Hort verschwitzter Privatheit: Meg Stewarts Tanzstück "Do Animals Cry" an der Volksbühne.

Von Sandra Luzina

Platz ist in der kleinsten Hütte. In Meg Stuarts neuem Tanzstück „Do Animals Cry“ ziehen Mutter, Vater und Kinder bald in eine rosa Hundehütte, deren Eingang zwei Topfpflanzen schmücken. Direkt hinter diesem Refugium beginnt die Wildnis. Der aus Hölzern errichtete Wall erinnert an einen überdimensionalen Biberbau. Meg Stuart hat in der Volksbühne nicht nur den Raum, sondern auch die Familie geschrumpft. Sie variiert deren Zerfall in einer Folge von Szenen, in denen grotesk zugespitzte Komik mit leiser Traurigkeit verbunden wird, aber auch mit lähmendem Stillstand.

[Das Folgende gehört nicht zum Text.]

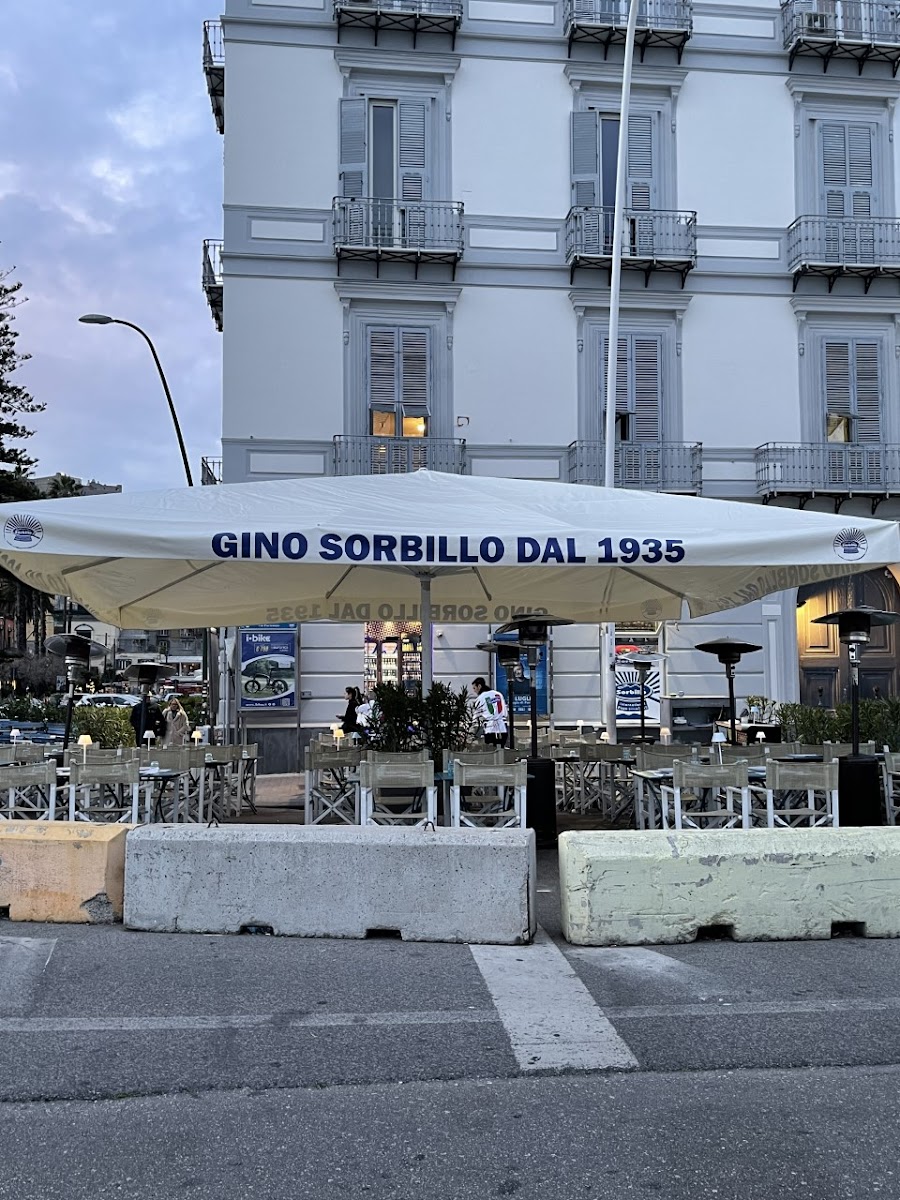 Gino Sorbillo Lievito Madre al Mare outdoor seating on the Naples waterfront.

Zu Beginn ist ein unterdrücktes Keuchen und Stöhnen zu hören. Im Halbdunkel sieht man Körper, die sich umklammern und verbiegen. Die aneinander zerren und sich fast erdrücken mit ihrer Liebe. Als das Licht angeht, fühlen sich alle ertappt in ihren Pyjamas. Vor allem Anja Müller als Muttertier ist der Fleisch gewordene Komplex. Die füllig-agile Darstellerin fällt permanent aus der Rolle; bewegt sich zwischen Verklemmung und Enthemmung. Die Familie – ein Hort der verschwitzten Privatheit, in die die medialen Bilder längst eingebrochen sind.

Die Choreografin entwirft Bilder einer Nähe, die jedes Mal fast in der Körperverletzung mündet. Doch die übertriebene Fürsorge ist nur die andere Seite von Gleichgültigkeit und Fremdheit. Wenn einer der Söhne sich wie ein Spastiker krampft, hilflos auf dem Boden kriecht, dann schauen alle um den Tisch Versammelten demonstrativ weg.

Mit prägnantem Witz veranschaulicht Meg Stuart, wie sich heute die sozialen Rollen verflüssigt haben. Wenn sich etwa die Mutter in pinkfarbenem Wickelkleid und ihr jüngster Sohn in weißen Shorts zum klassischen Porträt aufstellen, dann verrutschen bald die Haltungen, verkehren sich die Positionen. Anfangs steht der Knabe noch aufrecht mit durchgedrückten Knien neben der junonisch auf einem Stuhl thronenden Mutter. Inbrünstig wirft die Matriarchin sich dann auf den Schoß ihres Sprösslings oder kniet zu seinen Füßen. Die tradierten Hierarchien haben sich aufgelöst, Anja Müller und Frank Willens machen daraus ein herrliches Kabinettstück.

Kotomi Nishiwaki als brave Tochter in weißem Kleidchen gerät dann außer Rand und Band. Vor den strengen Augen ihrer Eltern führt sie einen Tanz von dressierter Anmut vor, doch schon bald verfällt das Mädchen in lachhafte Pornostellungen. Zuvor drosch die Mutter auf ein Schlagzeug ein und verrenkte sich in frivolen Posen. Sie pocht auf ihr Recht, sich infantil zu gebärden. Mutter träumt von ihrer verlorenen Jugend.

Meg Stuart lässt ihre sechs Performer alle möglichen Konstellationen durchspielen. Sogar ein Hauch von Pasolinis „Teorema“ liegt über der Szene. Wenn der ephebenhafte Alexander Jenkins über den Wall klettert, ist er nicht nur der heimgekehrte Sohn, der stürmisch begrüßt wird. Er verkörpert den Einbruch einer anderen, höheren Dimension. Doch lässt er alle noch verwirrter zurück. Stuart sammelt so ihre Befunde zum Thema Familie: Mütter wollen heute Popstars werden, Kinder dürfen keine Kinder mehr sein, die Erzeuger haben eh nichts zu melden.

Doch auch wenn ihr immer wieder aberwitzig komische Szenen gelingen, wenn sie Körperbilder gekonnt verzerrt, bleibt der Abend zäh. Stuart will einen Prozess von Auflösung und Desillusionierung zeigen, doch die Szenen berühren nur selten. Am Ende aber fühlt man einen Stich ins Herz – da zeigt Meg Stuart, wie grausam die Vertreibung aus der Kindheit ist.